**RECORDS FOR PROCESSING**
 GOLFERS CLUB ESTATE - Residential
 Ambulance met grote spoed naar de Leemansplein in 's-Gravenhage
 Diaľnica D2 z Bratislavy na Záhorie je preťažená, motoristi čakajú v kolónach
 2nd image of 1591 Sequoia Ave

---

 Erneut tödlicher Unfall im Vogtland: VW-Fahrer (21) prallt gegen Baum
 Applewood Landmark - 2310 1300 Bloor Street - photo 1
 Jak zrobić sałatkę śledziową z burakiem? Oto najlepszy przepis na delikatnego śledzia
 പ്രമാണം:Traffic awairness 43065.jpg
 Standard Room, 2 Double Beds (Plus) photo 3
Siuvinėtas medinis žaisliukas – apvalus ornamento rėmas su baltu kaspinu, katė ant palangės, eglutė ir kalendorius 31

--

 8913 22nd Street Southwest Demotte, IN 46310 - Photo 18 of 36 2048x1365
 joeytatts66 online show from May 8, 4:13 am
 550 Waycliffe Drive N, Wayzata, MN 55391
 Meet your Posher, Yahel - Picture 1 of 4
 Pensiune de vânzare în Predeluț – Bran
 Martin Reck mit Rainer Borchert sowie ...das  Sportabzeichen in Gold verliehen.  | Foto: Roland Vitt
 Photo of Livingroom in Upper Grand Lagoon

**DIRECTIONS FOR THIS TASK**
As listed above, the lines from the line with "Diaľnica D2 z" to the line with "2nd image of 1591 Sequoia Ave" are to be echoed exactly, with both ends included and nothing added.

**OUTPUT FOR THIS TASK**
 Diaľnica D2 z Bratislavy na Záhorie je preťažená, motoristi čakajú v kolónach
 2nd image of 1591 Sequoia Ave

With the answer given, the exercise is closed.